Using these settings: “journal_mode = OFF”, “default_temp_store = MEMORY”, “temp_store = MEMORY”, “foreign_keys = 0”, “synchronous = 0”, “locking_mode = EXCLUSIVE”, we are migrating data from leveldb into sqlite using the following schema, followed by the DELETEs/INSERTs/SELECTs/UPDATEs used by syncthing. Users with large datasets are complaining the process is very slow. What can be done to speed things up?
Included after that question is our DDL in ./internal/db/sqlite/sql/schema/ and most of the SQL statements in our code. It suggested:
Top wins (in order)
Load into a “quiet” schema, then rebuild derived data
Temporarily drop the triggers that maintain indexids and counts, and drop secondary indexes on the hot tables (keep only the primary keys).
Bulk-insert everything.
Recompute indexids and countsset-wise in one or two statements.

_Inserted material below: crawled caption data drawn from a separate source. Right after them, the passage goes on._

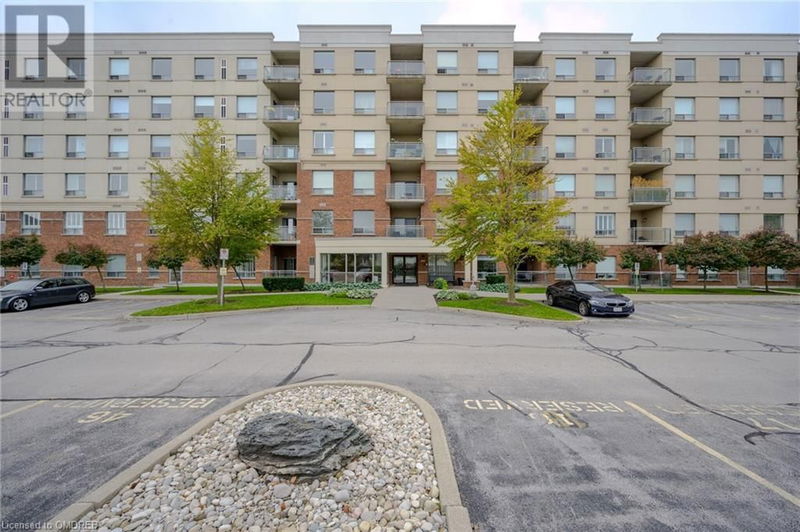 5070 FAIRVIEW Street  Burlington, L7L0B8 | Image 3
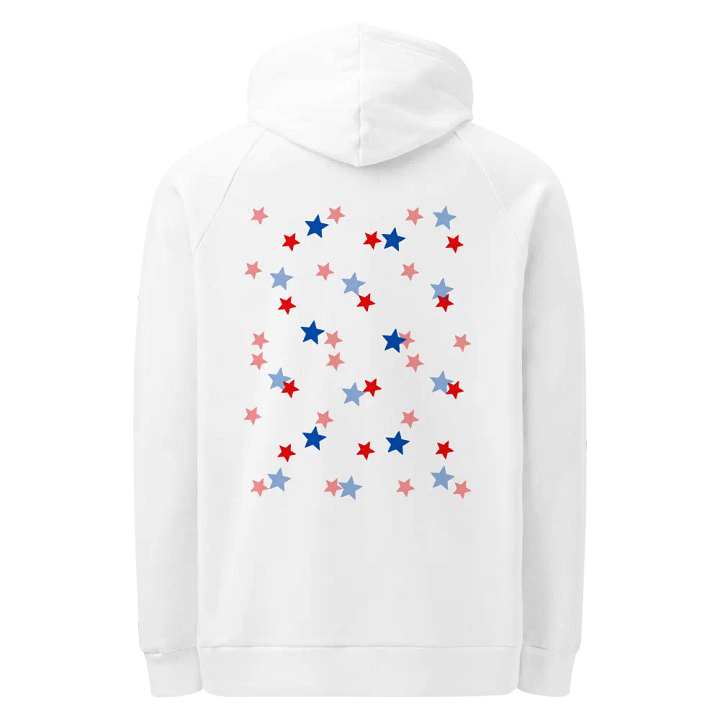 HEART product image (2)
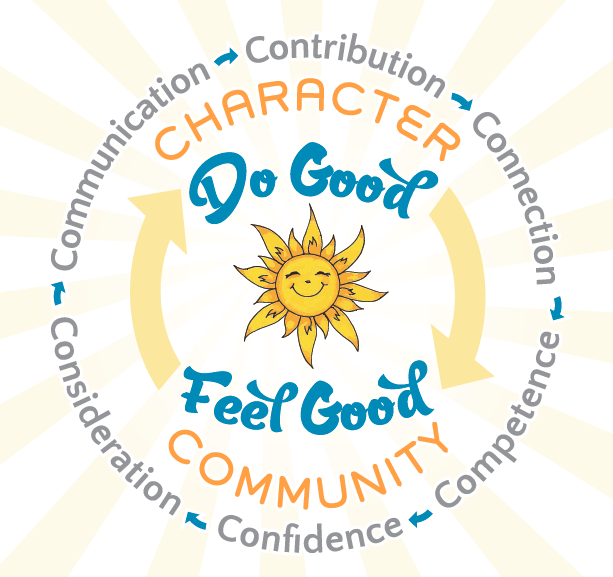 Katonah HamletHub tweet media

Recreate the indexes and triggers at the end.
This alone is commonly a 5–50× speedup on big datasets.
Replace OR REPLACE with UPSERT
REPLACE does DELETE + INSERT, firing AFTER DELETE/INSERT triggers and touching every index twice.

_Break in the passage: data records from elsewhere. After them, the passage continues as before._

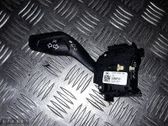 Interruptor de luz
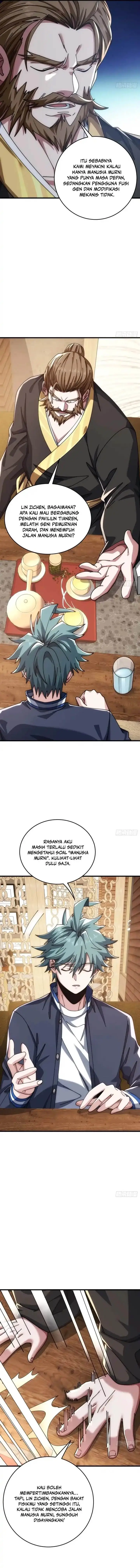 image-komik-infinite-evolution-starting-from-zero-chapter-33-6/14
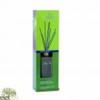 Farfalla Szobaillatost plca Pure Forest 100 ml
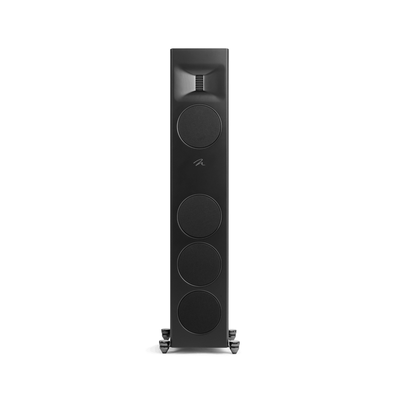MartinLogan Motion XT F100 Floorstanding Speakers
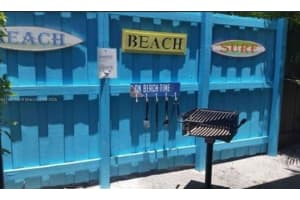 233 80th St 1 Miami Beach, FL 33141 - MLS#A11861243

Use INSERT … ON CONFLICT (…) DO UPDATE … so existing rows are updated in-place.
Remove AUTOINCREMENT where you don’t truly need it
INTEGER PRIMARY KEY already auto-increments; AUTOINCREMENT forces extra work and contention on sqlite_sequence.
For files(sequence … PRIMARY KEY AUTOINCREMENT), switch to INTEGER PRIMARY KEY unless you must forbid rowid reuse across the entire lifetime.
Batch and pipeline
One big transaction (or a handful of large chunks), prepared statements, and avoid per-row RETURNING round-trips by chaining the RETURNING into the subsequent insert (example below).
Right-size the engine for bulk load
Before creating any tables in a new DB:
PRAGMA page_size=32768; (or 65536 if your build supports it)
PRAGMA cache_size=-1048576; (≈1 GB cache; tune to free RAM)
PRAGMA mmap_size=2147483648; (2 GiB, or more if available)
You already have temp_store=MEMORY, synchronous=OFF, locking_mode=EXCLUSIVE.
After the load: ANALYZE; PRAGMA optimize; and flip to your normal runtime pragmas.
Add targeted partial indexes for your read queries
Many of your selects filter on flag bits; a few small partial indexes will avoid scanning the large general ones.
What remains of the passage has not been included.